What the exercise asks
Images embedded in the records are excluded; print everything else exactly as given.

[Input records]

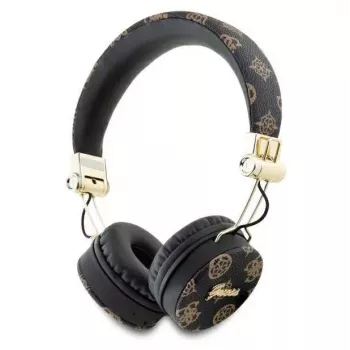 Guess Peony Script Round Shape cuffie over-ear wireless con Bluetooth 5.3 ed ENC (nero)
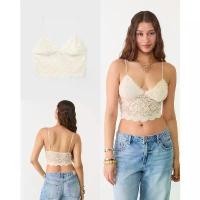 ราคา (ของแท้) Stradivarius lace strap top เสื้อกล้ามลูกไม้สีครีม ขายร้อน (1731778345726871374)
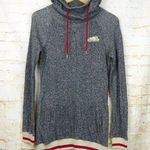 Roots Canada Womens XS Hooded Pullover Sweater Heather Black Varsity Cuffs Photo 0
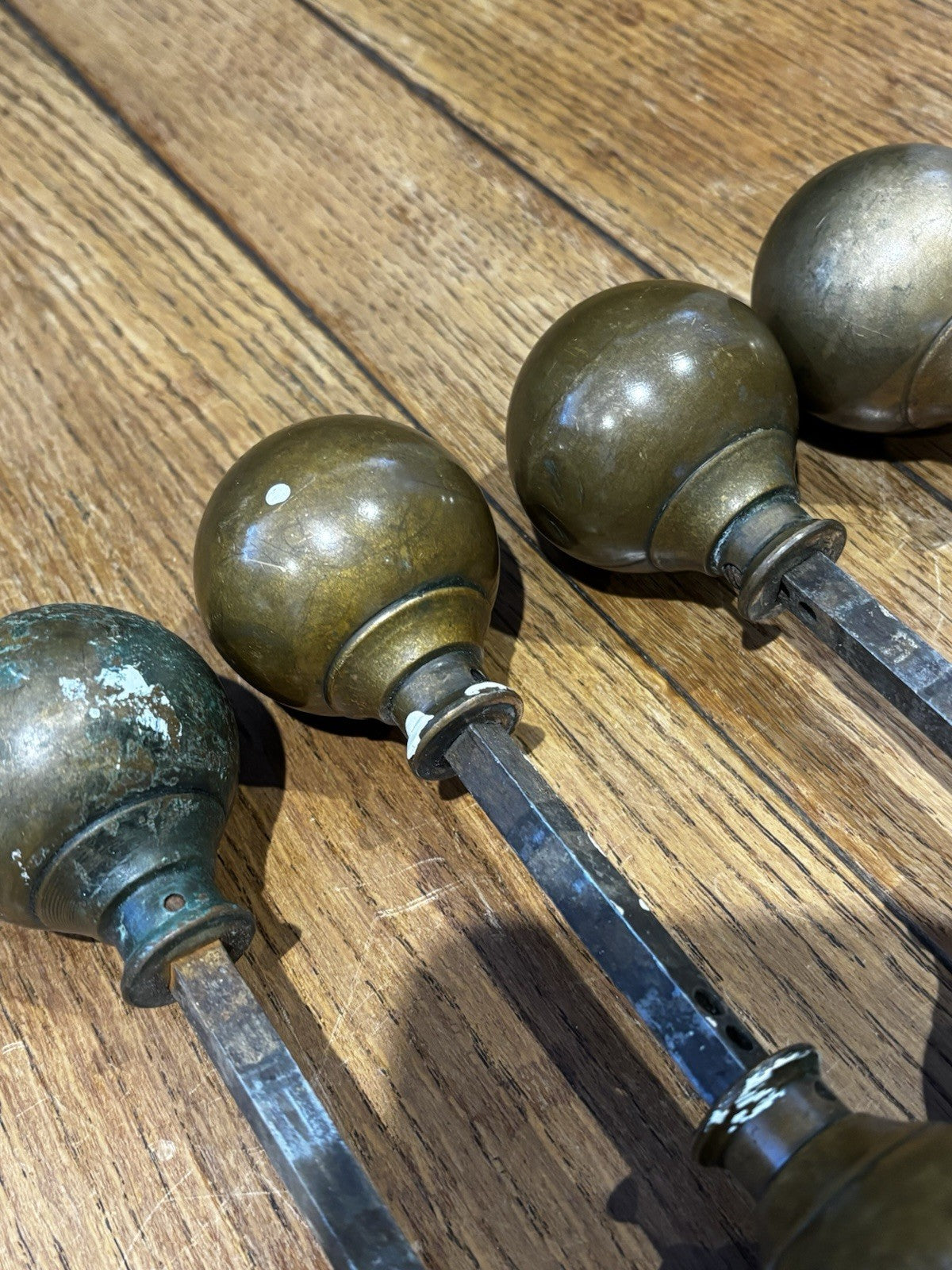 Antique Brass Door Handles- 4 Pairs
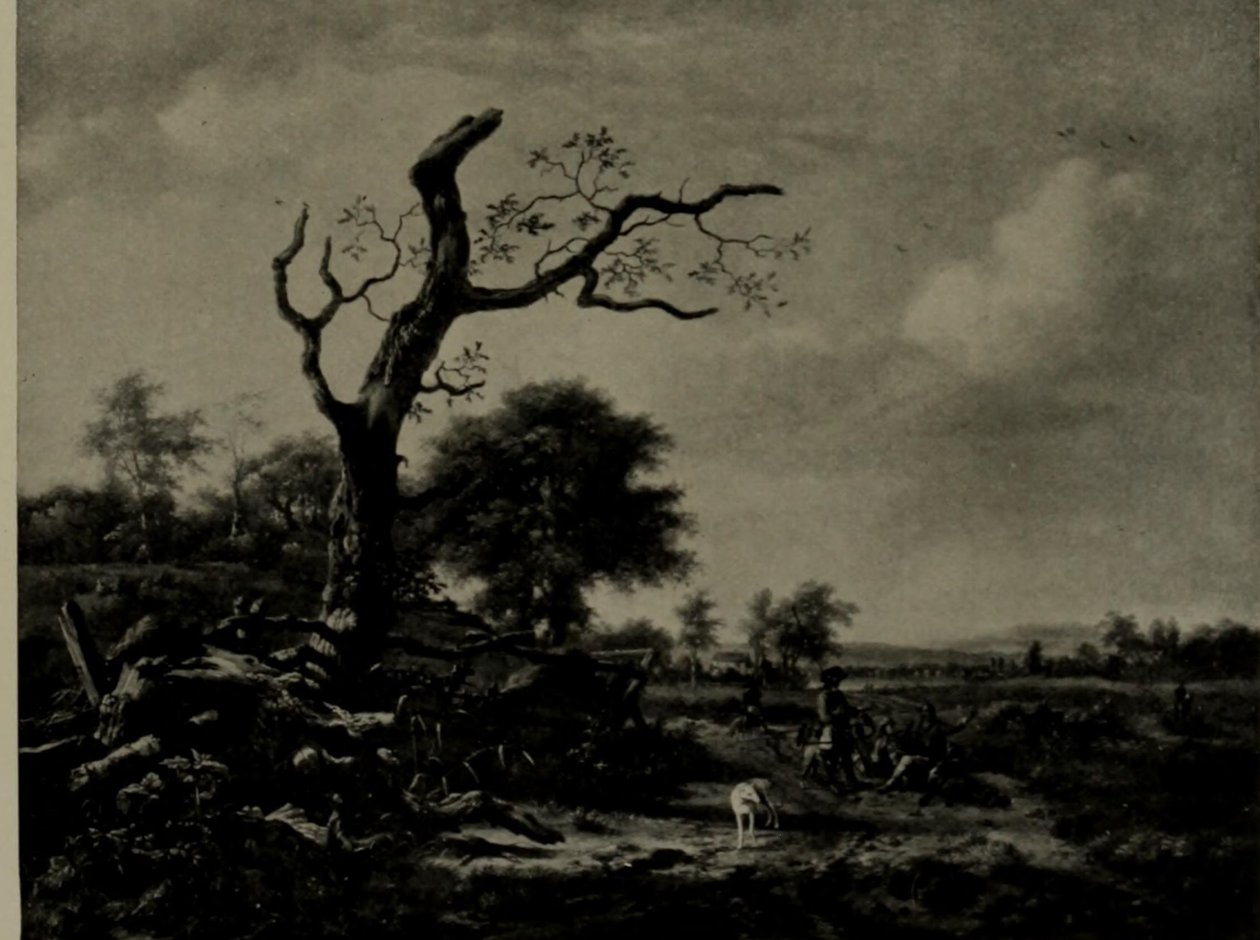 Dutch: Landschap met rustende jagers The Leafless Tree door Jan Wijnants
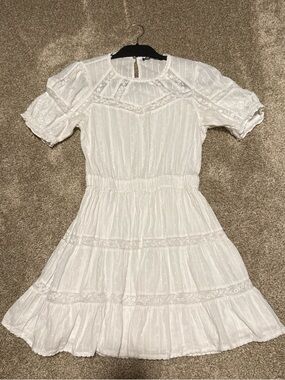 Zara White Lace Tiered Dress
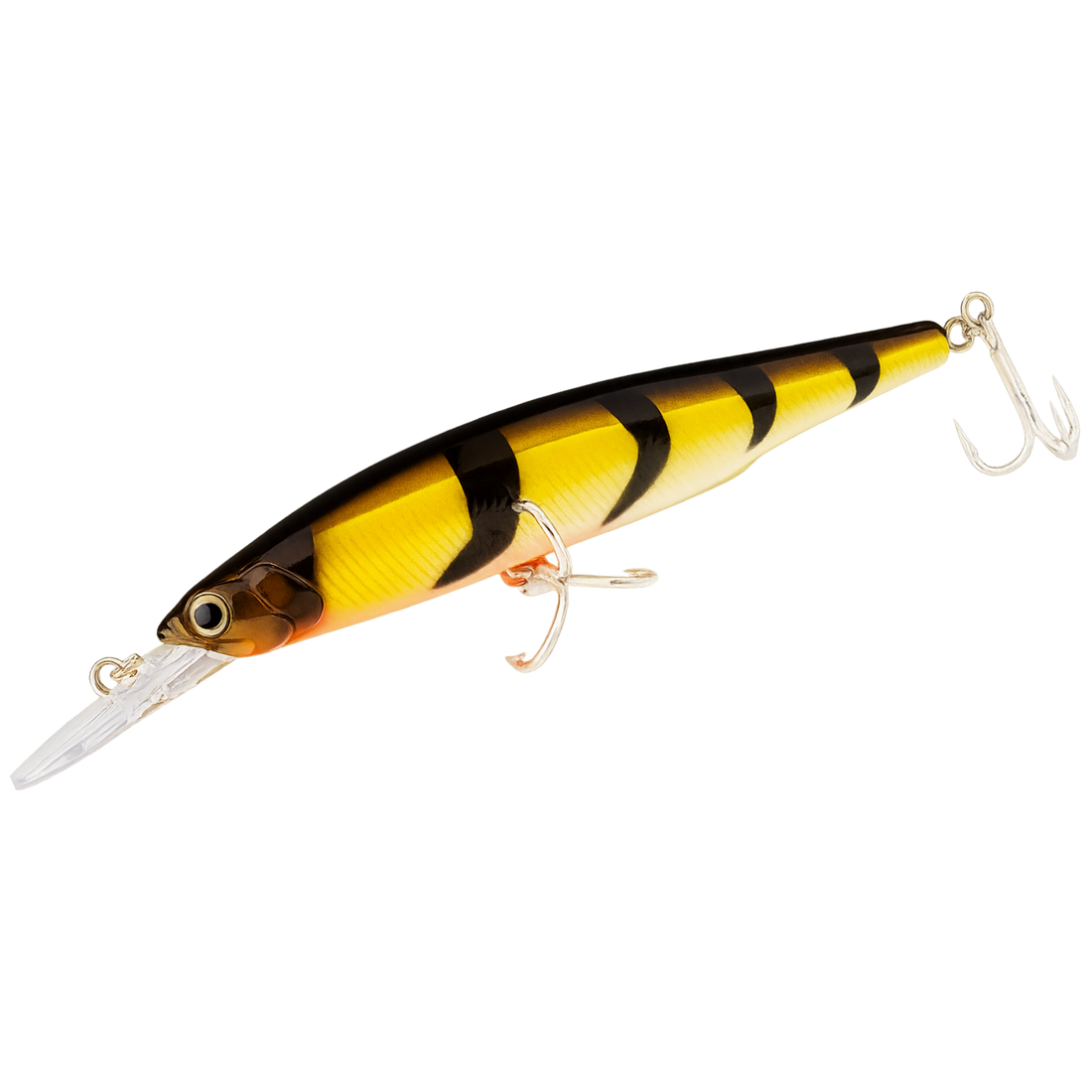 Fishing lure with a striped pattern on a white background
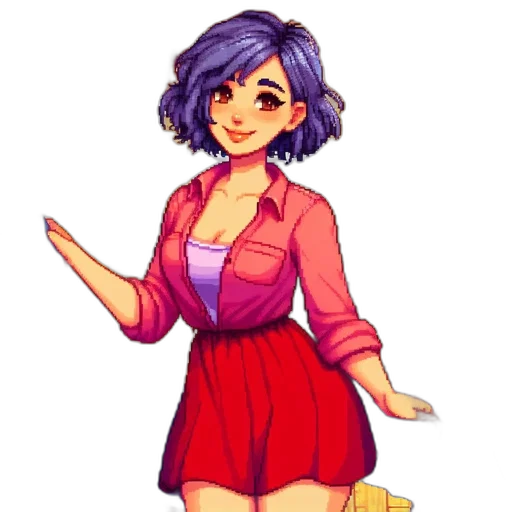 dress, staff, jacket, pixel art, concept art, anime, vaporwave, colorful transparent PNG cut-out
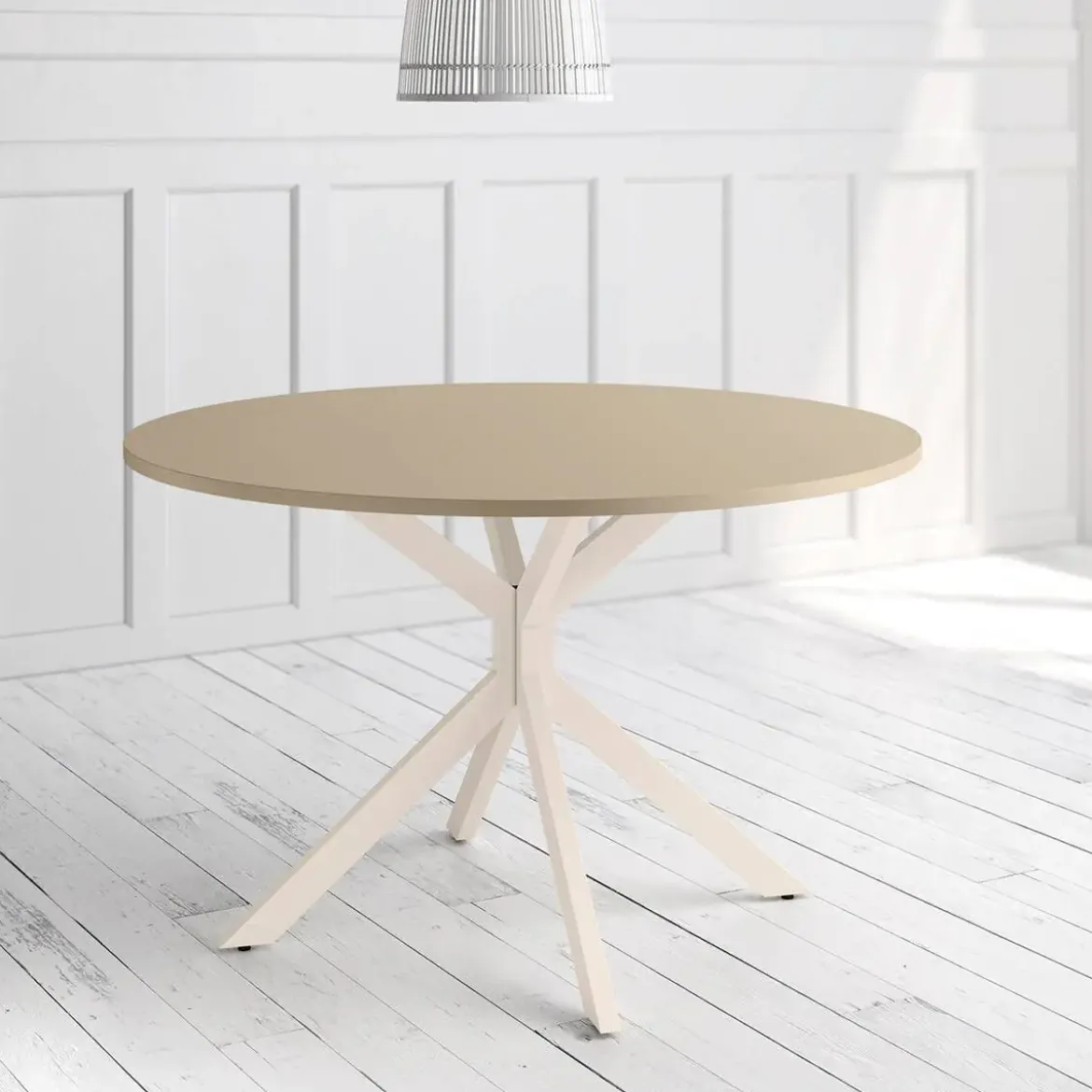 Mesa Wako Circular 120 cm Estuctura Marfil BOGAL CNG051M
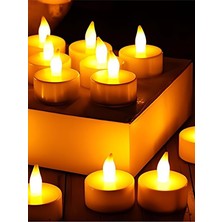 Belirtilmemiş LED Mum 12’li Tealight Set – Pilli, Dumansız, Dekoratif LED Mum – Sarı Işık Ortam Aydınlatma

[/Input records]

Task result
 Guess Peony Script Round Shape cuffie over-ear wireless con Bluetooth 5.3 ed ENC (nero)
 ราคา (ของแท้) Stradivarius lace strap top เสื้อกล้ามลูกไม้สีครีม ขายร้อน (1731778345726871374)
 Roots Canada Womens XS Hooded Pullover Sweater Heather Black Varsity Cuffs Photo 0
 Antique Brass Door Handles- 4 Pairs
 Dutch: Landschap met rustende jagers The Leafless Tree door Jan Wijnants
 Zara White Lace Tiered Dress
 Fishing lure with a striped pattern on a white background
 dress, staff, jacket, pixel art, concept art, anime, vaporwave, colorful transparent PNG cut-out
 Mesa Wako Circular 120 cm Estuctura Marfil BOGAL CNG051M
 Belirtilmemiş LED Mum 12’li Tealight Set – Pilli, Dumansız, Dekoratif LED Mum – Sarı Işık Ortam Aydınlatma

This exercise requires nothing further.